_Exercise aim:_ Given the entries below, would you transcribe exactly the lines starting at the one with "Wooden balcony with" and ending at the one with "A visitor explores", both kept, pictures omitted, nothing extra?

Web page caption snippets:

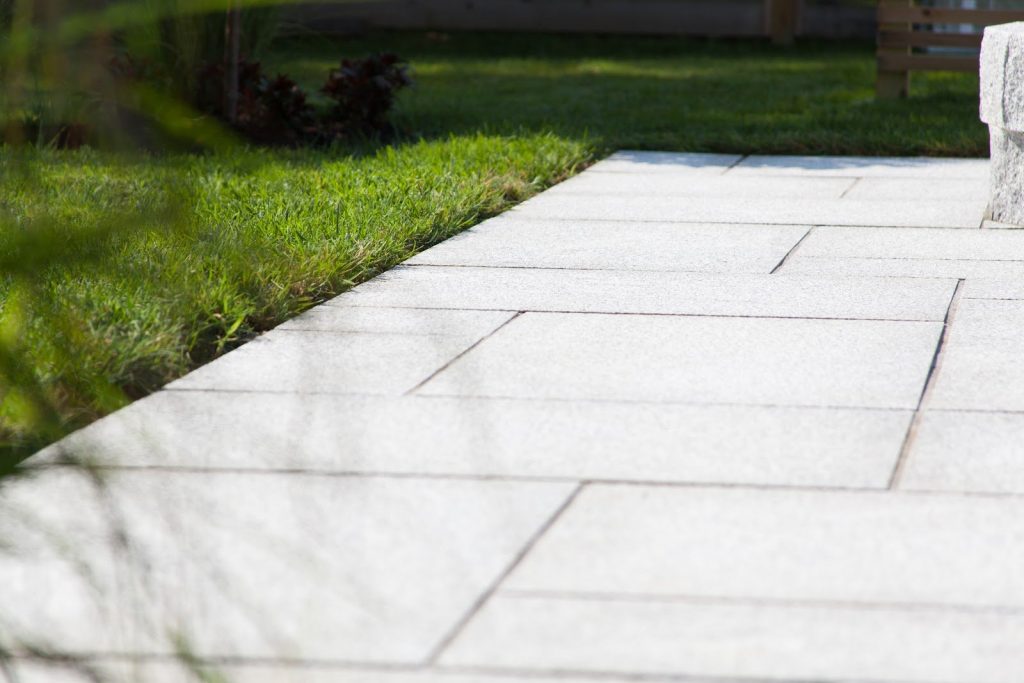 This image has an empty alt attribute; its file name is granite-patio-sets-the-stage-for-lifes-moments-video-sep-09-2020-01-15-12-79-pm-1024x683.jpeg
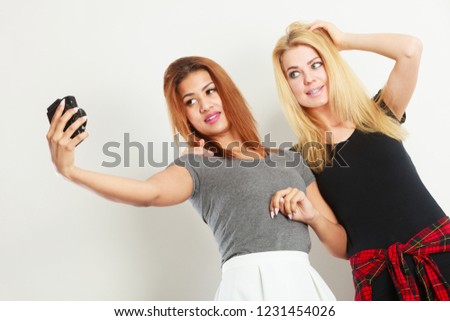 Technology internet and happiness concept. Young women blonde and mixed race taking self picture selfie with camera
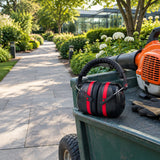 Clean botanical garden path after leaf clearing with the Irona black and red safety earmuff resting on a grounds cart.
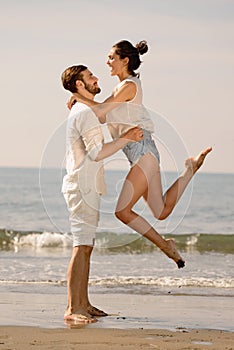 Happy young romantic couple in love have fun on beautiful beach at beautiful summer day.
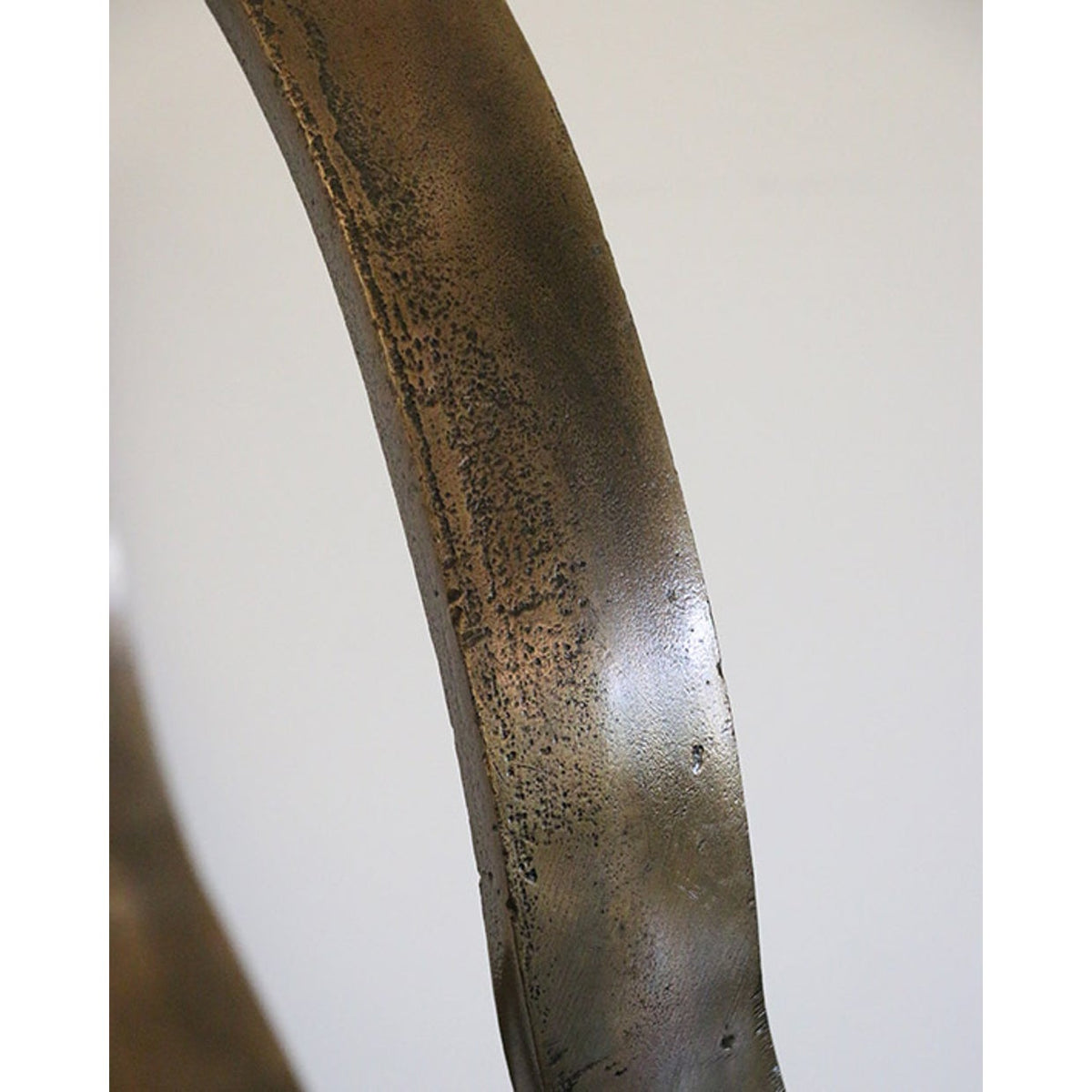 Infinity Sculpture in Antique Brass on Black Base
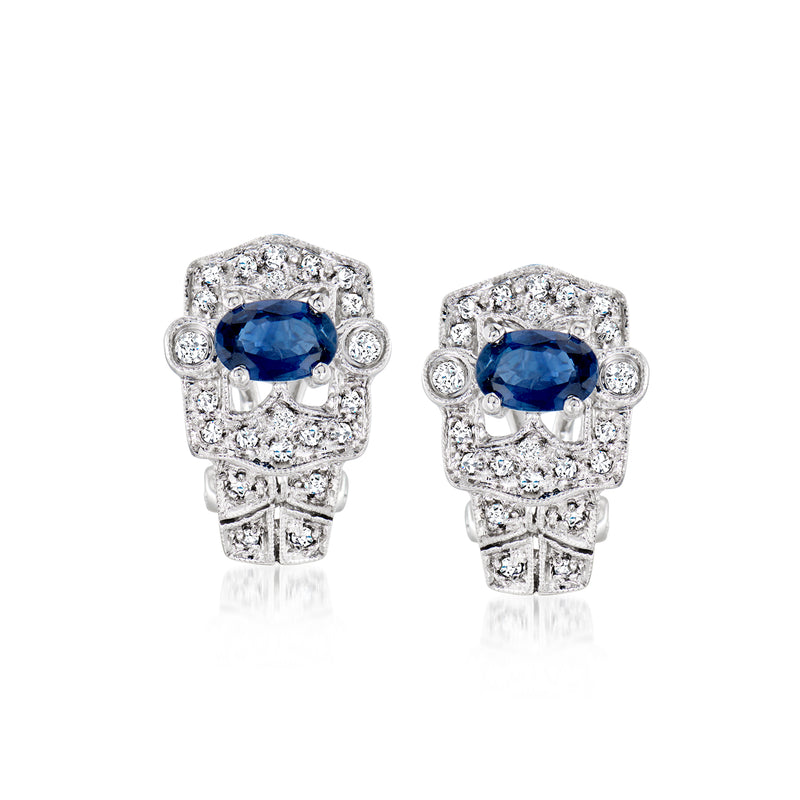 Vintage 14kt white gold sapphire and diamond stud earrings with blue oval center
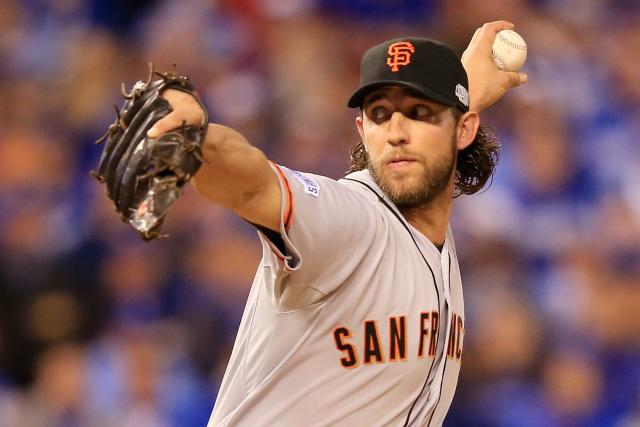 San Francisco Giants starting pitcher Madison Bumgarner touches his beard  as he walks back to the mound while working against the San Diego Padres  during the third inning of a baseball game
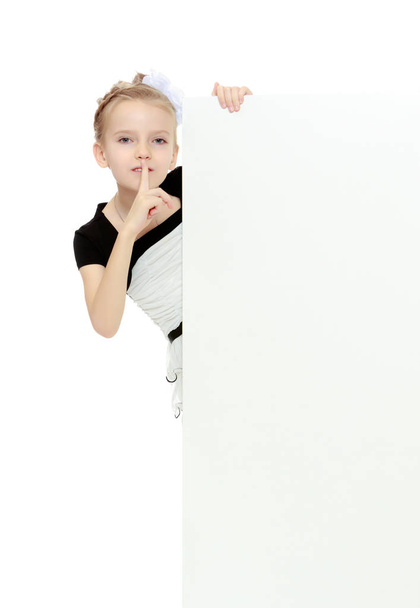 The girl peeks out from behind white banner. - Fotoğraf, Görsel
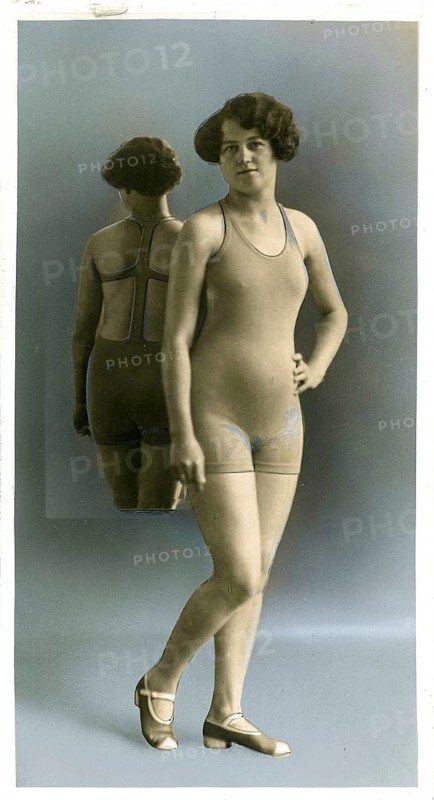 Swimwear, England, woman in swimsuit standing with reflection in the background in a studio, hand-colored, around 1926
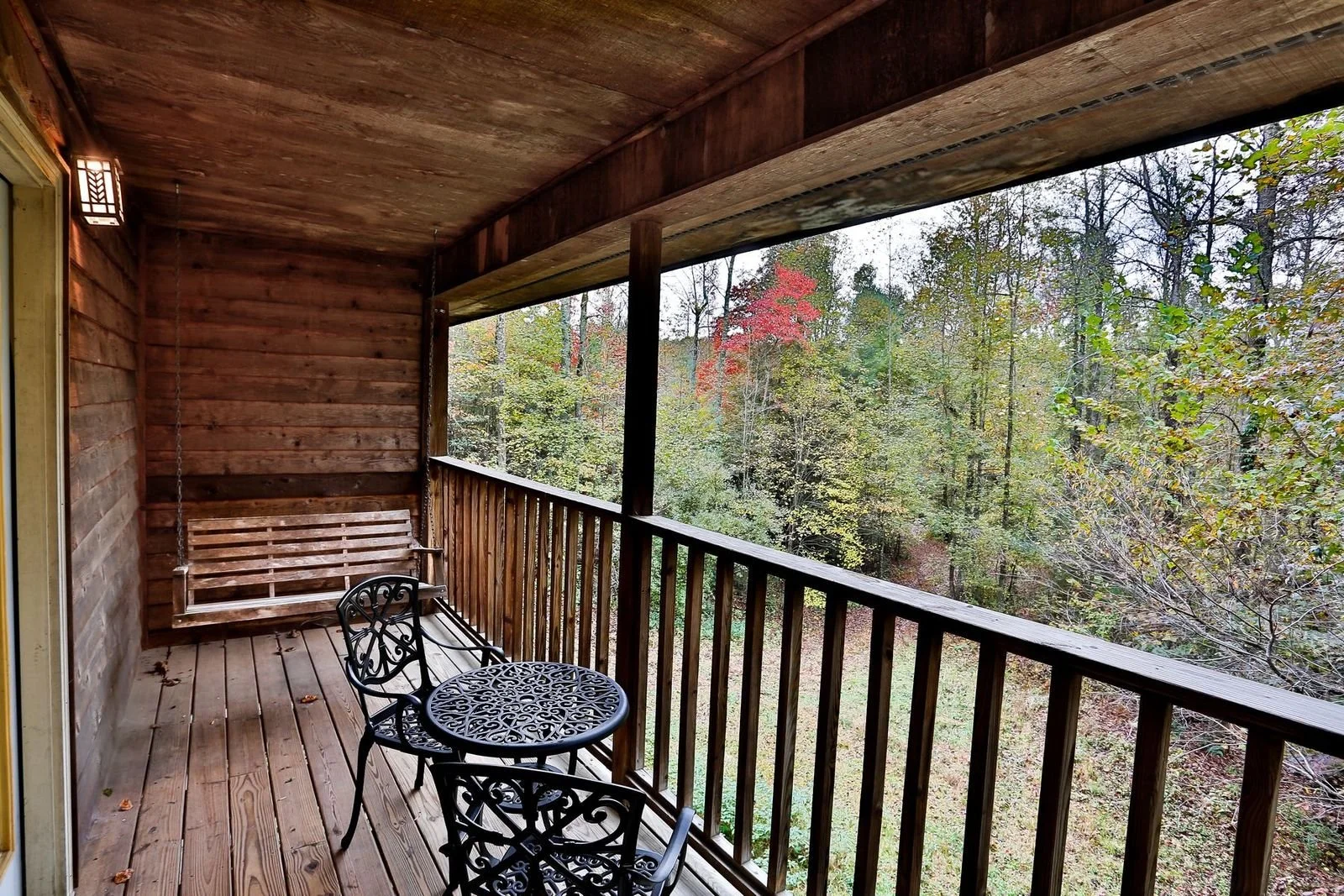 Wooden balcony with a wrought iron table and chairs, a wooden bench swing, overlooking a forest with trees showing fall colors.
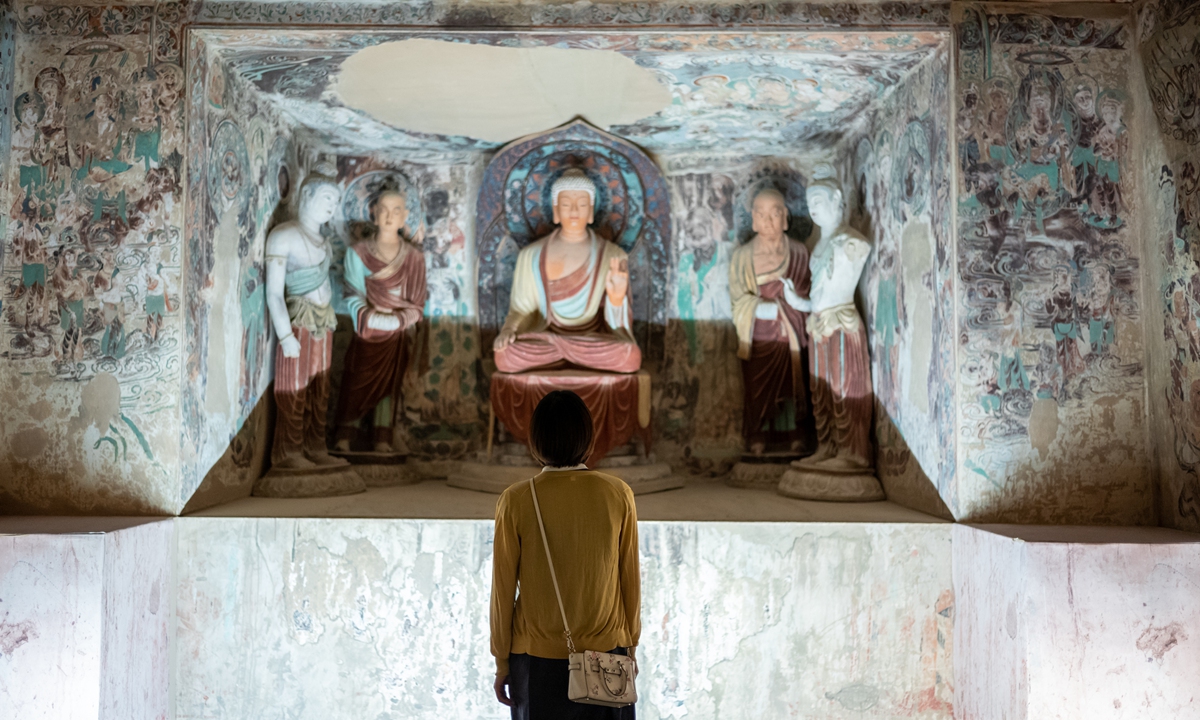A visitor explores an exhibition on the Mogao Caves held in Beijing. Photo: IC
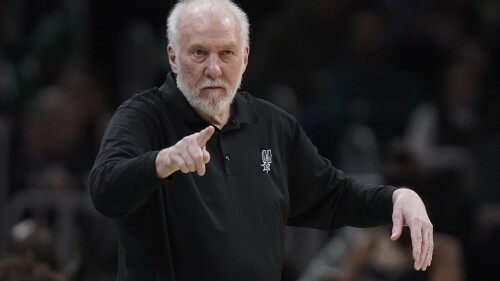 FILE - San Antonio Spurs coach Gregg Popovich points from the bench during the second half of the team's NBA basketball game against the Boston Celtics, March 26, 2023, in Boston.  Popovich apparently has no plans to leave the Spurs anytime soon.  The NBA's all-time winningest coach has signed a five-year contract to remain coach and president of the team, the Spurs announced on Saturday, July 8.  (AP Photo/Steven Senne, File)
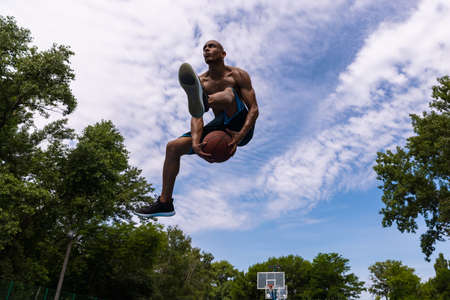 Young man, muscular african male basketball player playing basketball at street public stadium, sport court or palyground outdoors. Summer sport games.の写真素材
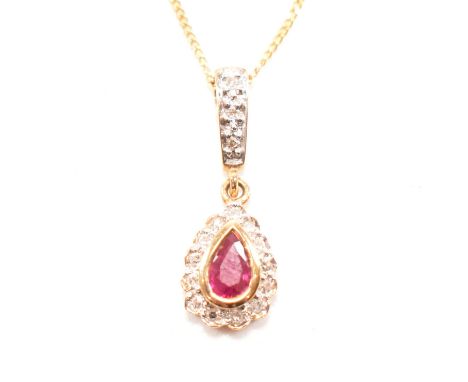 A vintage 9ct yellow gold, ruby and diamond halo pendant and chain necklace. The pendant having a bezel set pear cut ruby set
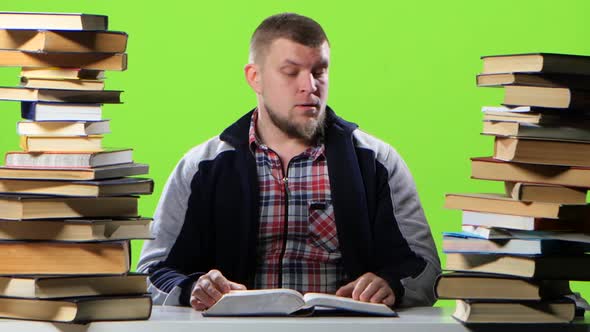 Man Sitting at His Desk Leafing Through a Textbook. Green Screen alt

_Finished exercise:_
 Wooden balcony with a wrought iron table and chairs, a wooden bench swing, overlooking a forest with trees showing fall colors.
A visitor explores an exhibition on the Mogao Caves held in Beijing. Photo: IC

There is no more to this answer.